TASK STATEMENT
Copy every record exactly, and keep the pictures out.

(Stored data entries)
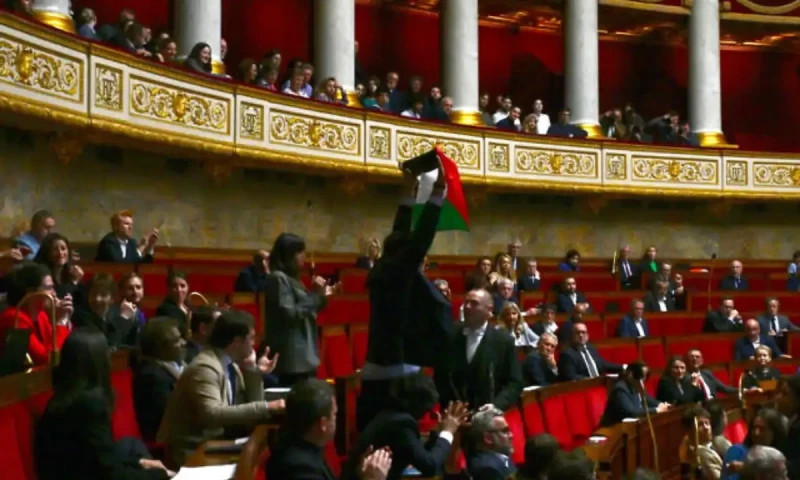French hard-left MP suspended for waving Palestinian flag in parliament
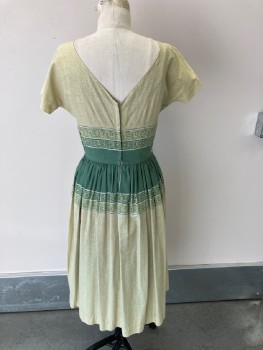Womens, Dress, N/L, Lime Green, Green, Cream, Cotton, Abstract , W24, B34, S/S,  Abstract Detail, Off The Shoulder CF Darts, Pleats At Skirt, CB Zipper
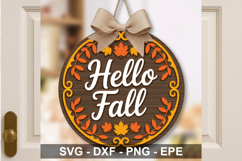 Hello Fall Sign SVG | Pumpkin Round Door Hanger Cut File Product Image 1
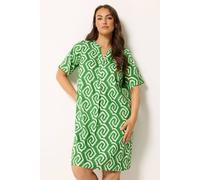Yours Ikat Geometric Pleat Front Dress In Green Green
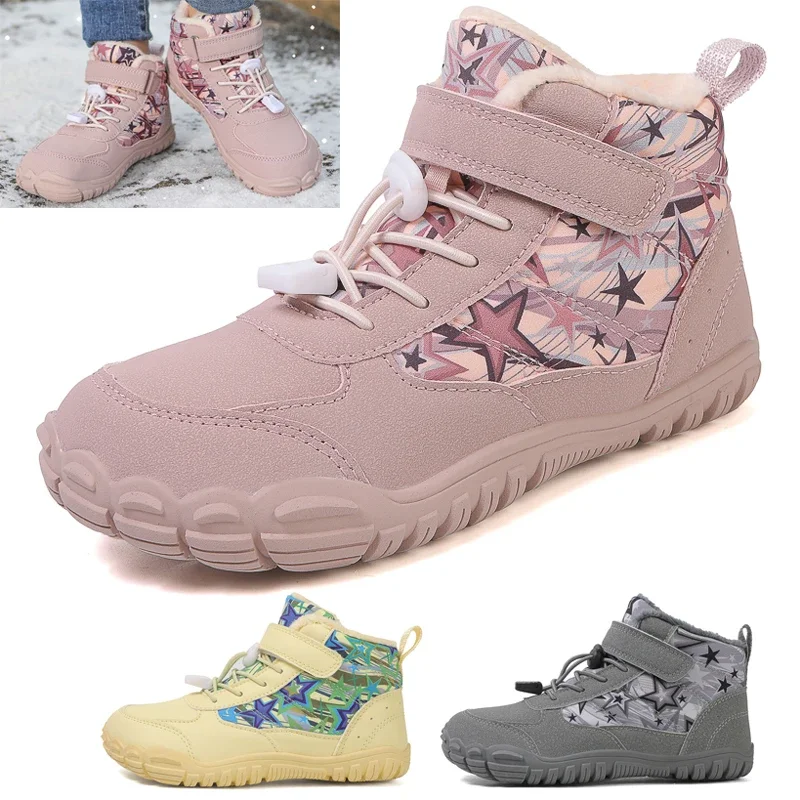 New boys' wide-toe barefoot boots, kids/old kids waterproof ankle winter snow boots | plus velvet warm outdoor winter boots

RESPONSE TO THIS TASK
French hard-left MP suspended for waving Palestinian flag in parliament
Womens, Dress, N/L, Lime Green, Green, Cream, Cotton, Abstract , W24, B34, S/S,  Abstract Detail, Off The Shoulder CF Darts, Pleats At Skirt, CB Zipper
 Hello Fall Sign SVG | Pumpkin Round Door Hanger Cut File Product Image 1
Yours Ikat Geometric Pleat Front Dress In Green Green
 New boys' wide-toe barefoot boots, kids/old kids waterproof ankle winter snow boots | plus velvet warm outdoor winter boots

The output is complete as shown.